Everything from the first line of the entries through the line containing "A 19thC trumpet" is to be retyped exactly, and nothing beyond it.
= = = = =
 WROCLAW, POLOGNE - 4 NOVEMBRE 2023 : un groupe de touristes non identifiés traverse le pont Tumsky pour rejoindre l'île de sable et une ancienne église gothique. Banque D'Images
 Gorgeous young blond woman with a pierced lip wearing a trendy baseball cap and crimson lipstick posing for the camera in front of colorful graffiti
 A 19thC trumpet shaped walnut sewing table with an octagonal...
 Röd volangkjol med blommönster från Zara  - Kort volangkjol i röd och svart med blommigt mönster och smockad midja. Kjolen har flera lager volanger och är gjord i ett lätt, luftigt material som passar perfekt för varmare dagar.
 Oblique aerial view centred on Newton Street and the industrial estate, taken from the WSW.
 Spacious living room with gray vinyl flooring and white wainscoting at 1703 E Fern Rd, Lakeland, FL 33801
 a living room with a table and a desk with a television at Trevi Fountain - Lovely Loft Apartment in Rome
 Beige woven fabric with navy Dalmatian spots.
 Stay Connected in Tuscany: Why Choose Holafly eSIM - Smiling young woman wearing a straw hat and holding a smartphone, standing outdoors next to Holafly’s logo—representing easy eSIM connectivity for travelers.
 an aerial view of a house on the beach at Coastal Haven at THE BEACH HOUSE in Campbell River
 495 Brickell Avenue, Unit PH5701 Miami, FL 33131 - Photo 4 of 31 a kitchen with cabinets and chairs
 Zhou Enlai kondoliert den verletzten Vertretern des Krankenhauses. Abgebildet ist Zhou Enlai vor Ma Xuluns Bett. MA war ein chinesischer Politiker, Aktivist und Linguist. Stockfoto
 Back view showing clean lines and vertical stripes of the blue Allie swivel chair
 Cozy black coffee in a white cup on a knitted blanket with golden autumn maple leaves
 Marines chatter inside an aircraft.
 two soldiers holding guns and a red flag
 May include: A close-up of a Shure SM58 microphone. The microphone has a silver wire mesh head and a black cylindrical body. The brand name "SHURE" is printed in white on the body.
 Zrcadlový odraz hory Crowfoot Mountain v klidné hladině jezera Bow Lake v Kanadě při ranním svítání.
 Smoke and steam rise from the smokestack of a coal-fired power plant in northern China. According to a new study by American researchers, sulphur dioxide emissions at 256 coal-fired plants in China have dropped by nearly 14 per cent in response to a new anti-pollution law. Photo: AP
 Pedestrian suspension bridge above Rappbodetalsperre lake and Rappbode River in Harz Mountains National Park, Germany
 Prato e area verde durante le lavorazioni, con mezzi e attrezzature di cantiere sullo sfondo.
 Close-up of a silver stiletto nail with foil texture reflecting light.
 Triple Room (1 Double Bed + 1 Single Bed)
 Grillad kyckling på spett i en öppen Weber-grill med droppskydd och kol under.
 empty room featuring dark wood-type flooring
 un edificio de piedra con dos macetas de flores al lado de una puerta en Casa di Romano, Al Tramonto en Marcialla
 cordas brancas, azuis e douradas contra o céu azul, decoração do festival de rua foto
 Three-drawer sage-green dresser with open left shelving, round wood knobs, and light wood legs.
= = = = =
■ **Output of the exercise**:
 WROCLAW, POLOGNE - 4 NOVEMBRE 2023 : un groupe de touristes non identifiés traverse le pont Tumsky pour rejoindre l'île de sable et une ancienne église gothique. Banque D'Images
 Gorgeous young blond woman with a pierced lip wearing a trendy baseball cap and crimson lipstick posing for the camera in front of colorful graffiti
 A 19thC trumpet shaped walnut sewing table with an octagonal...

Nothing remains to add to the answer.